Halloween, South Bronx, 1991, photo by Angel Franco of The New York Times. The trick-or-treater is Guissette Muniz, then age 6.
I remember seeing this photo when it first appeared in the paper back in '91, and from then on, if I wasn't already, I made a point of keeping my eye out for Mr. Franco's work. Today, the Times has a story about Ms. Muniz and her family, about the moment that this photo captures and where life has taken each of the family's members since then.
'"I consider myself a princess,” [Ms. Muniz] admitted. ...“That’s what I am. I think highly of myself. I don’t want to toot my own horn, but I think I’m a great girl, and I deserve the best in life. I’m not cocky, but you have to have confidence.”'
Part of what makes this photo work, I think, is its tilt - Angel's angle? - which underlines the idea that not all is OK in this landscape and corner of the city. Indeed, the South Bronx had been ravaged by arson and crack and years of neglect. Off-kilter, indeed.

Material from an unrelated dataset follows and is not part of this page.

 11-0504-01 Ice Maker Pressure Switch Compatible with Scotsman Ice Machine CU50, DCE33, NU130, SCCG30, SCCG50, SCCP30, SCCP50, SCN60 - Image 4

As I recall, this image originally was published as one of a series by Mr. Franco. It's unfortunate, I think, that the Times' archive does not contain many of the photos that appeared in the paper - for reasons of copyright, no doubt. But they make up for this with the Lens blog, which is superb, a smart appreciation of photography, then and now. Which reminds me: Just the other day, for no apparent reason, my eye lingered for a long moment on a book on the shelf next to my desk - Photographs, by Roy DeCarava. I should look at that book again, I thought to myself, but I didn't. And then: Later that day, or the day after, I read on the Times' website - indeed, in the Lens blog itself - that Mr. DeCarava had just died, age 89. His photos are masterful in their use of light and shadow - an observation that may sound banal, but just look for yourself. There is a true painterly quality to his images. (I'd steal one to present here, but Lens is clever enough to protect its image sequences against such acts by presenting them in Adobe Flash. Lens presents 14 of his fotos, including a wonderful one of Duke Ellington in 1967, caught in an unguarded moment. And quite a few others of jazzers. More of his work is available at the most commendable Masters of Photography site.)